====== DATASET ======

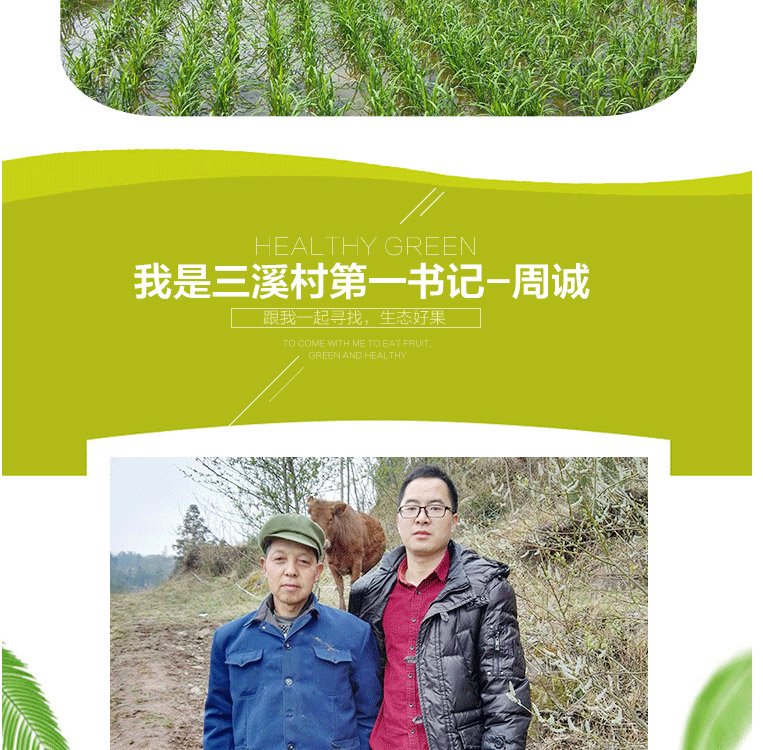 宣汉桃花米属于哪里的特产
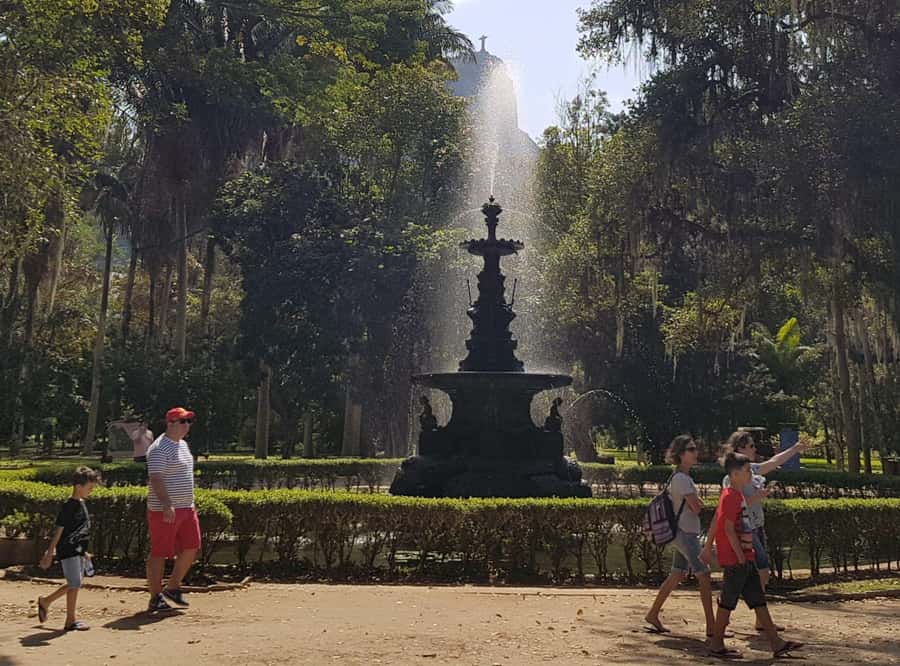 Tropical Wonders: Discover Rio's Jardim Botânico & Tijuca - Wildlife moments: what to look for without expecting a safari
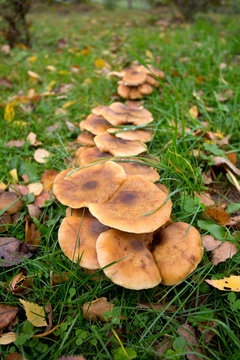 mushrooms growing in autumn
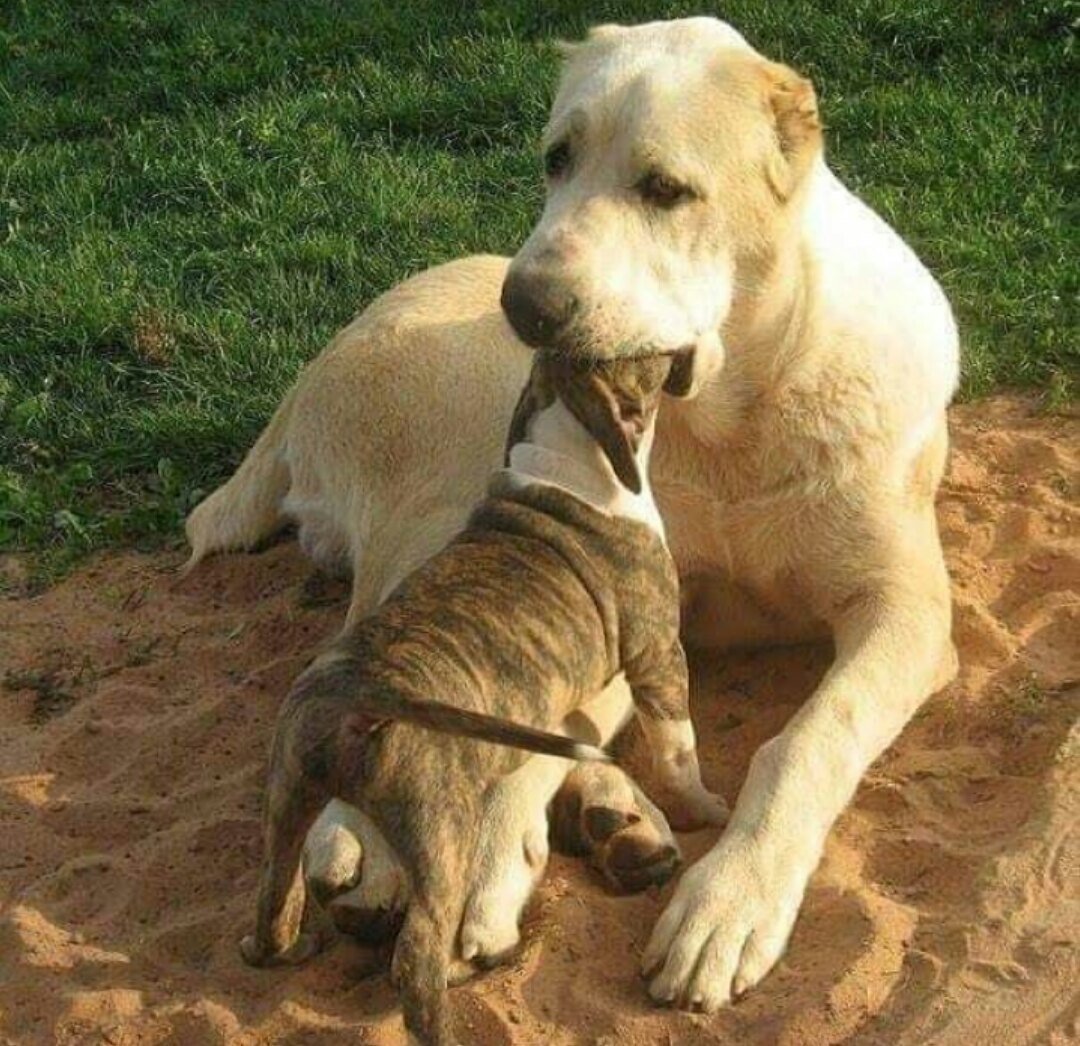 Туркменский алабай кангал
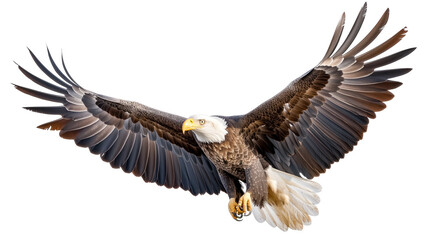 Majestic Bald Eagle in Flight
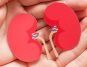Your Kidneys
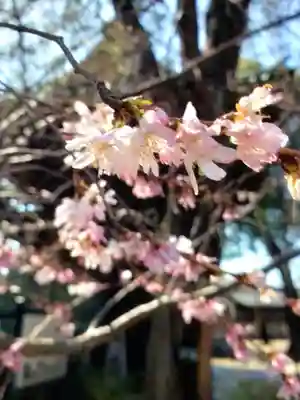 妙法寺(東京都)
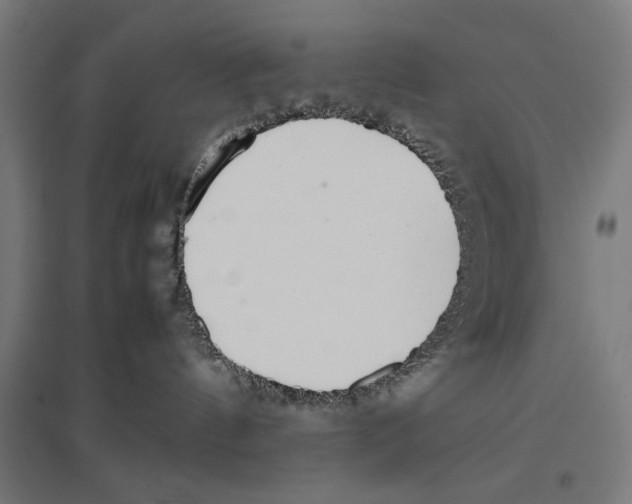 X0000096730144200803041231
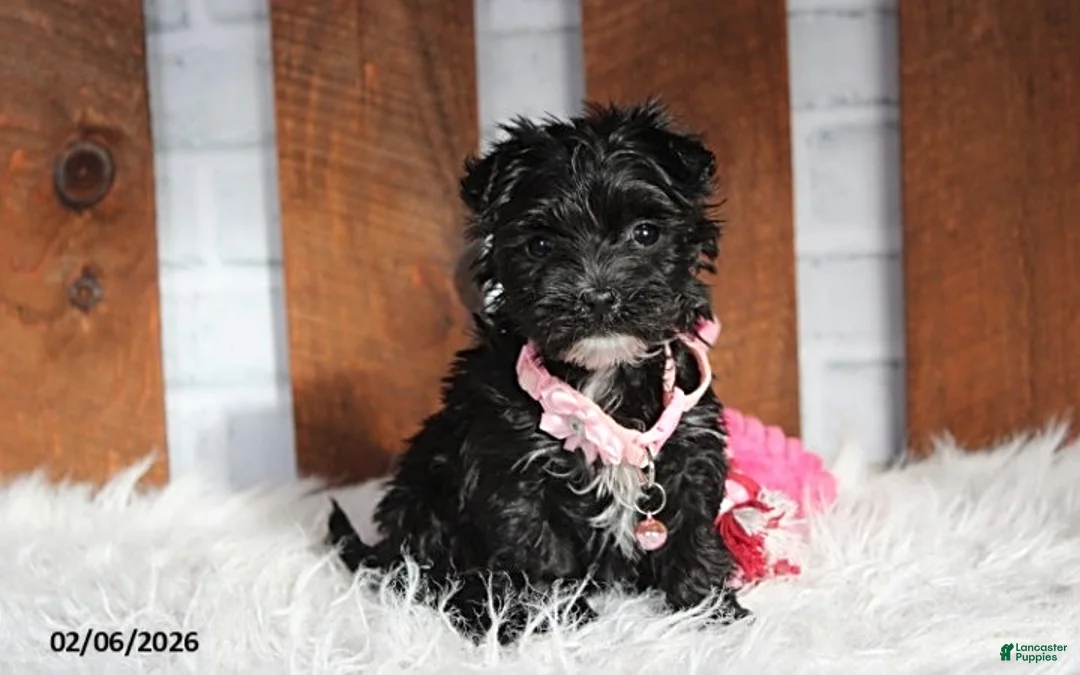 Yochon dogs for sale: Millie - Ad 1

======

→ TRY IT
Retype the entries above word for word, minus any images.

→ ANSWER BOX
 宣汉桃花米属于哪里的特产
 Tropical Wonders: Discover Rio's Jardim Botânico & Tijuca - Wildlife moments: what to look for without expecting a safari
 mushrooms growing in autumn
 Туркменский алабай кангал
 Majestic Bald Eagle in Flight
Your Kidneys
 妙法寺(東京都)
 X0000096730144200803041231
 Yochon dogs for sale: Millie - Ad 1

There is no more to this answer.